◆ PROBLEM ◆
Only one stretch of the records below is wanted: the lines from the one holding "Spacious lawn and" through the one holding "Natalie (Nandini Rajagopal, h.2.v.l.), Hannah". Return it exactly, both ends included.

◆ RECORDED DATA ◆

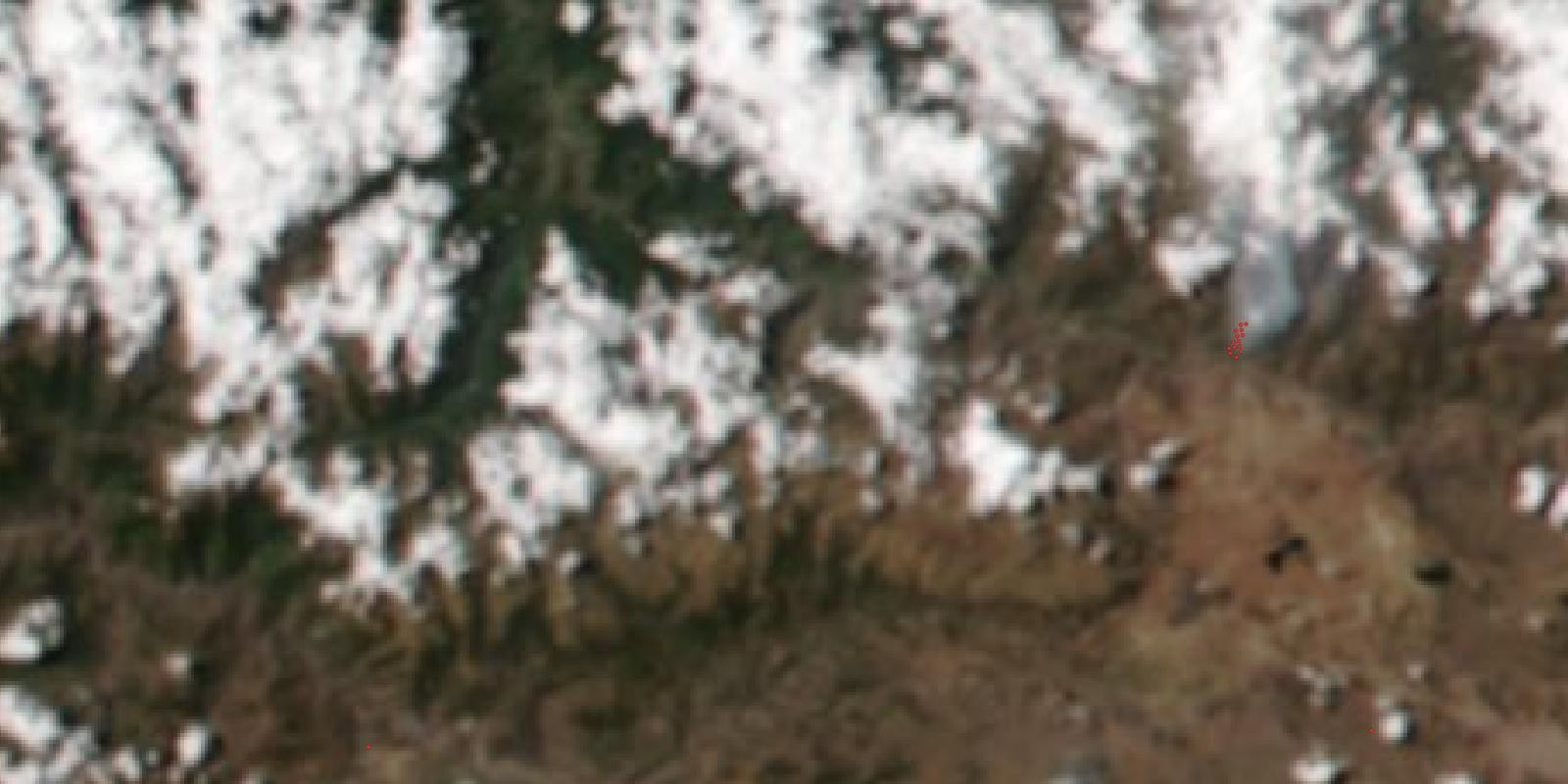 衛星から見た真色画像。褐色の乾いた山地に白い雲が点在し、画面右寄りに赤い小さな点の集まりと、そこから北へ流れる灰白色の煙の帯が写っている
--
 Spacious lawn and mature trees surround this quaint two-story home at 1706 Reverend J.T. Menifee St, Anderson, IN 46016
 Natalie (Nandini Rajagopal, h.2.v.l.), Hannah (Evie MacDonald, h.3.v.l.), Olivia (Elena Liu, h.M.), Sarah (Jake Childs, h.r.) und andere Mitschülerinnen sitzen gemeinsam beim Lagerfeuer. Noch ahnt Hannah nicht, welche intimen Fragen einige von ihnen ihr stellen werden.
--
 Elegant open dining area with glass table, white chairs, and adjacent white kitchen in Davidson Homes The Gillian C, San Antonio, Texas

◆ EXERCISE SOLUTION ◆
 Spacious lawn and mature trees surround this quaint two-story home at 1706 Reverend J.T. Menifee St, Anderson, IN 46016
 Natalie (Nandini Rajagopal, h.2.v.l.), Hannah (Evie MacDonald, h.3.v.l.), Olivia (Elena Liu, h.M.), Sarah (Jake Childs, h.r.) und andere Mitschülerinnen sitzen gemeinsam beim Lagerfeuer. Noch ahnt Hannah nicht, welche intimen Fragen einige von ihnen ihr stellen werden.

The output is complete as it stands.